TASK: The lines in the listing below are to be given again exactly, starting at the line holding "Race club sign on paddock racetrack" and ending at the line holding "old factory wall". Do not include pictures.

TASK INPUT:
**********
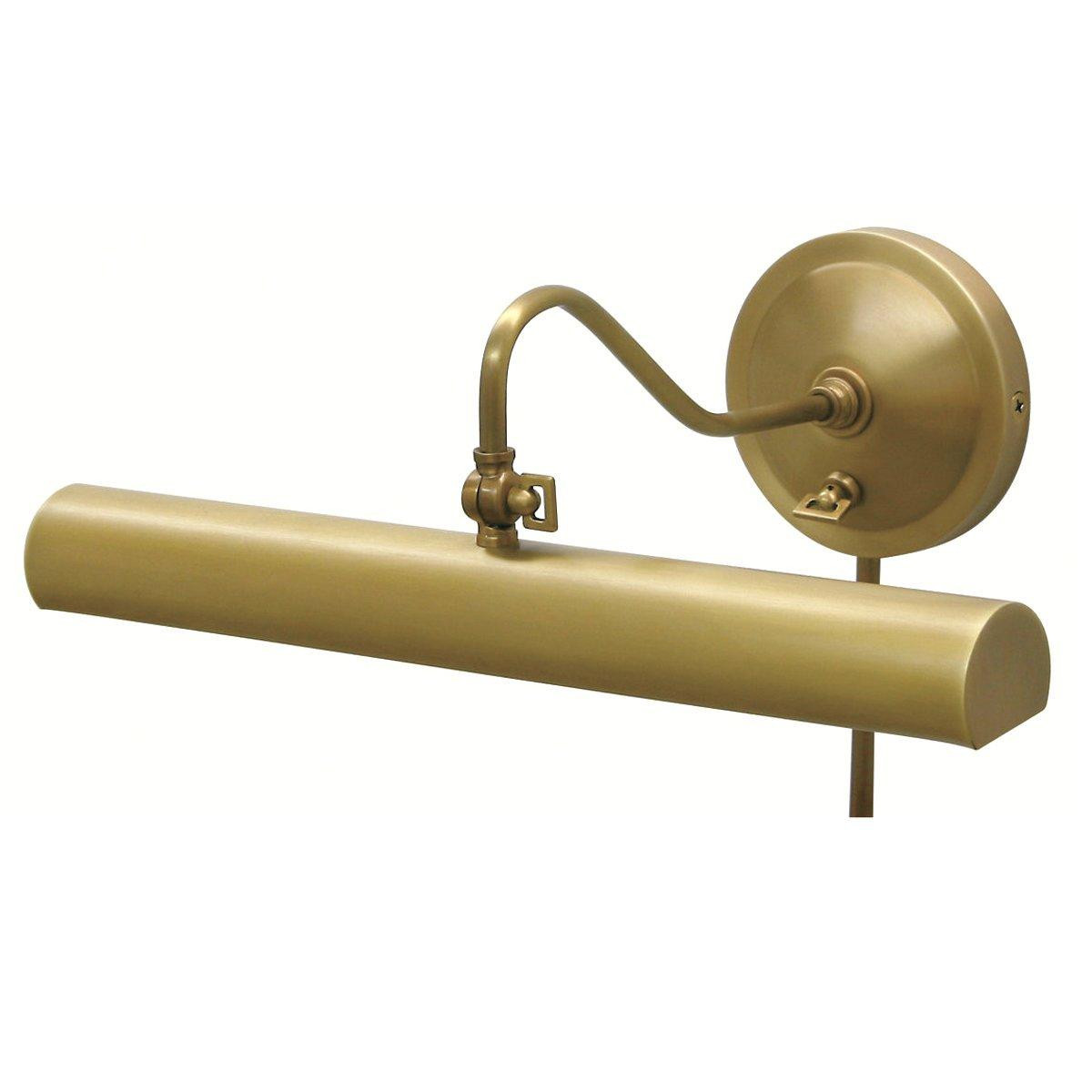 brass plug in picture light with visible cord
**********
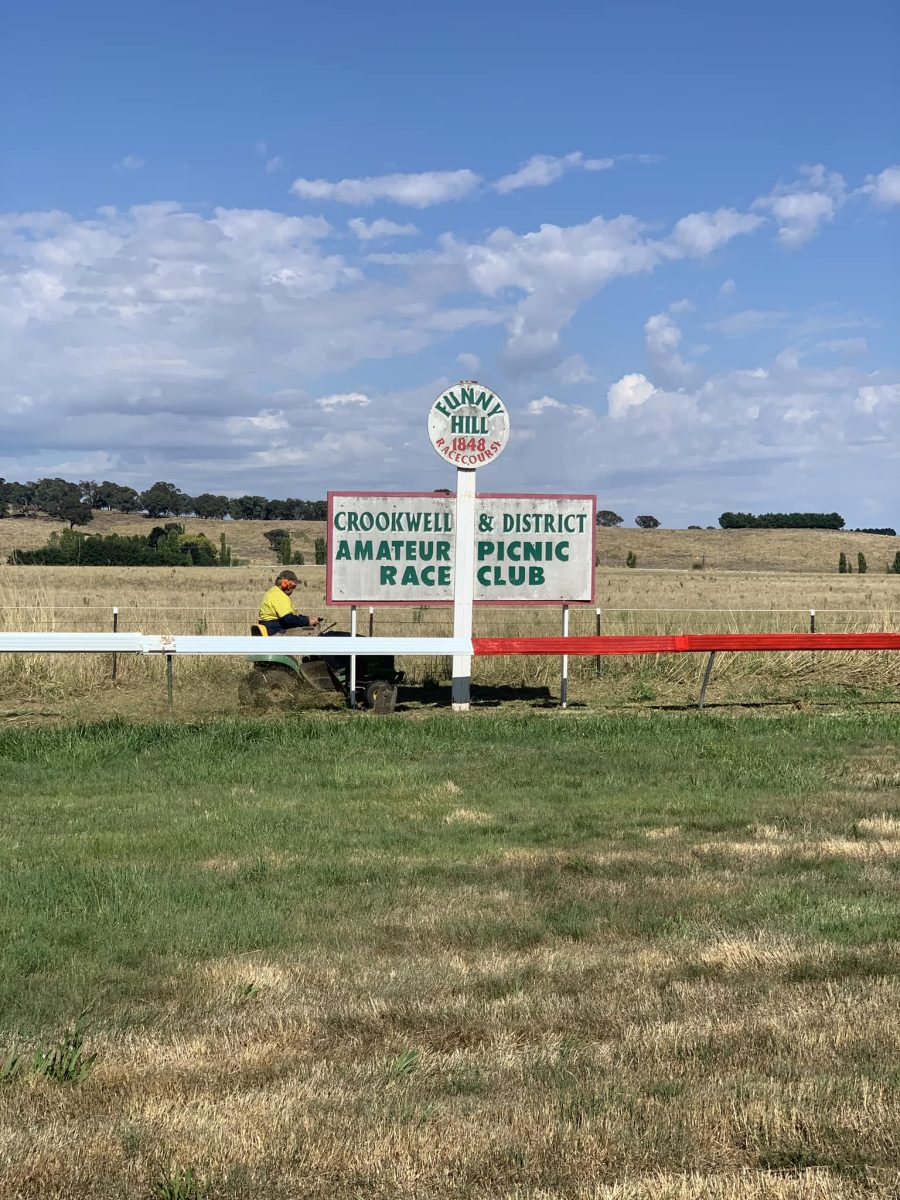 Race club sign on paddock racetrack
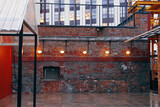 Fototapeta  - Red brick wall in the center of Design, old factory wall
**********
OUTPUT BELOW:
 Race club sign on paddock racetrack
 Fototapeta  - Red brick wall in the center of Design, old factory wall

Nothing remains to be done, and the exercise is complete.